Khalil Al Hayya terpilih memimpin biro politik Hamas pada saat konflik dengan Israel terus berlangsung dan tekanan terhadap jajaran pimpinan kelompok itu meningkat. Ia menggantikan Yahya Al Sinwar yang tewas dalam serangan Israel pada Oktober 2024.
Mandat Al Hayya dijadwalkan berlangsung hingga 2027, ketika Hamas akan menggelar pemilihan pemimpin baru. Pengangkatannya menempatkan tokoh yang lama menangani perundingan gencatan senjata itu pada posisi paling sentral dalam arah politik Hamas.
Negosiator di Tengah Konflik Berkepanjangan
Sebelum menjadi kepala biro politik, Al Hayya dikenal sebagai negosiator utama Hamas dalam pembicaraan gencatan senjata tidak langsung dengan Israel. Peran tersebut menempatkannya pada salah satu jalur politik terpenting bagi kelompok itu selama perang berkepanjangan.
Ia juga disebut mengelola hubungan Hamas dengan Iran, sekutu regional kelompok tersebut. Tanggung jawab ini menunjukkan keterlibatannya mencakup urusan Gaza sekaligus relasi politik Hamas di kawasan.
Hamas mengumumkan penunjukan Al Hayya dalam pernyataan pada Senin (20/7).
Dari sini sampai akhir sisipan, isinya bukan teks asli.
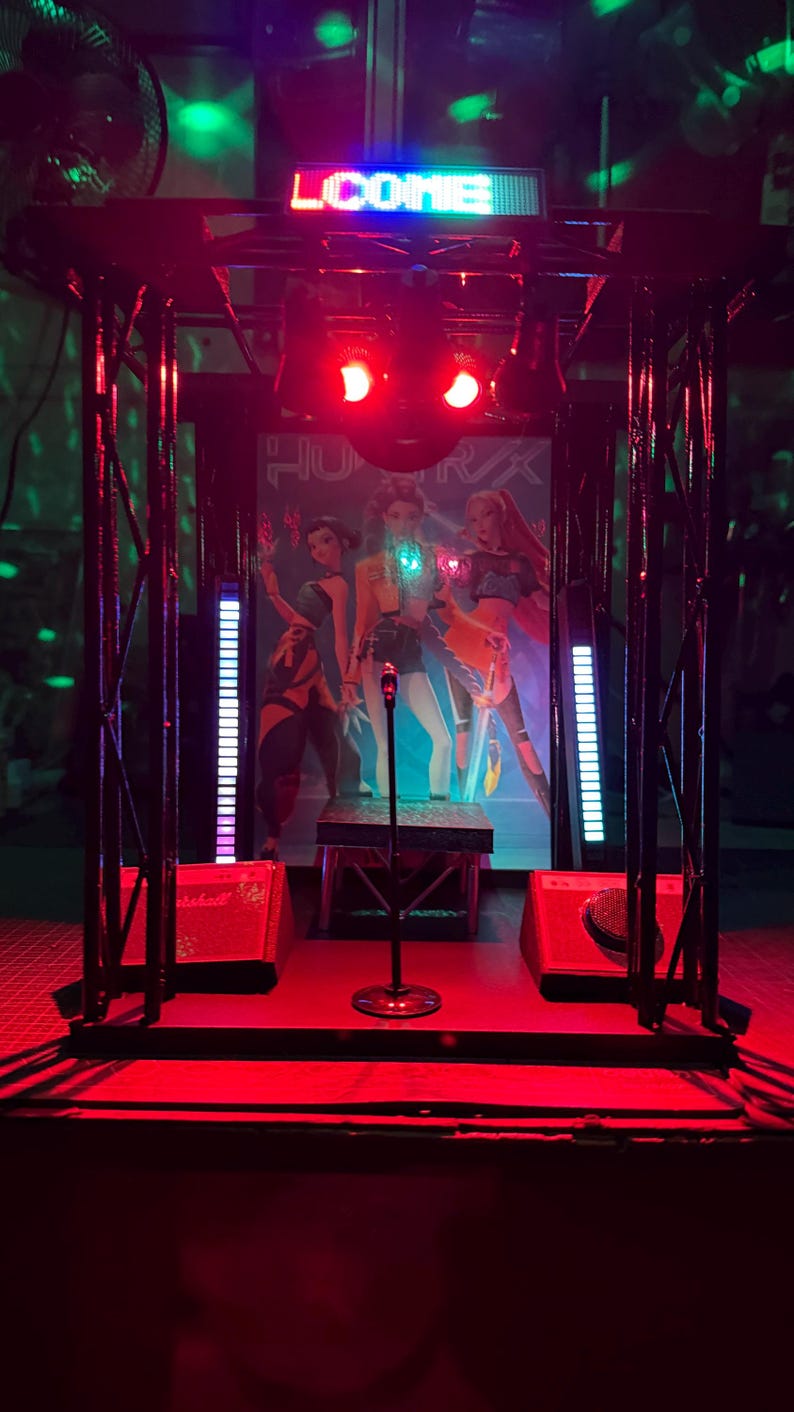 Spersonalizowana scena koncertowa do prezentacji figurek Funko Pops i figurek kolekcjonerskich zdjęcie 11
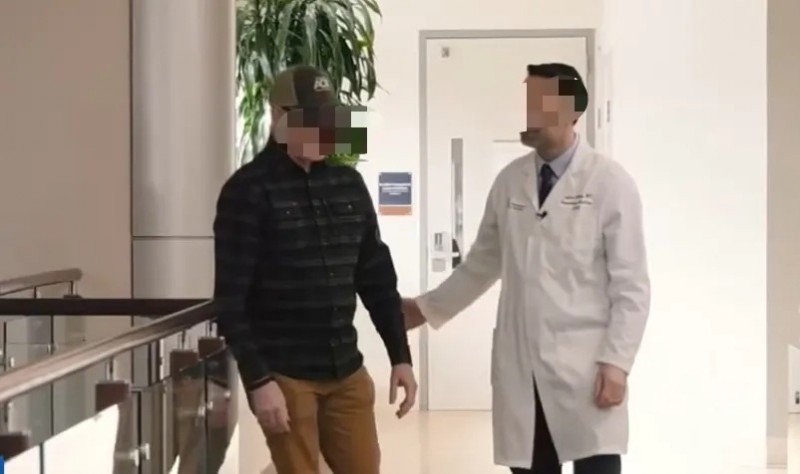 医生和黑色素瘤患者交流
Dalam pernyataan yang dikutip AFP dan dilaporkan CNN Indonesia, Hamas menyebutnya sebagai “saudara mujahid” yang dipilih memimpin biro politik gerakan itu.
Serangkaian Kehilangan Keluarga
Kepemimpinan Al Hayya berlangsung setelah ia mengalami sejumlah kehilangan besar akibat serangan Israel terhadap keluarganya. Serangan udara yang menghantam rumahnya pada Mei 2007 menewaskan tujuh kerabat, termasuk dua saudara laki-lakinya.
Setahun setelah serangan tersebut, putranya yang bernama Hamza dan tergabung dalam Brigade Qassam tewas. Dalam serangan-serangan berikutnya, Al Hayya juga kehilangan putra sulung, istri, serta tiga anak mereka.
Al Hayya sendiri dilaporkan selamat dari serangan di Doha, Qatar, pada September 2025. Riwayat serangan itu membuat posisinya sebagai pimpinan Hamas berada dalam bayang-bayang risiko keamanan yang berkelanjutan.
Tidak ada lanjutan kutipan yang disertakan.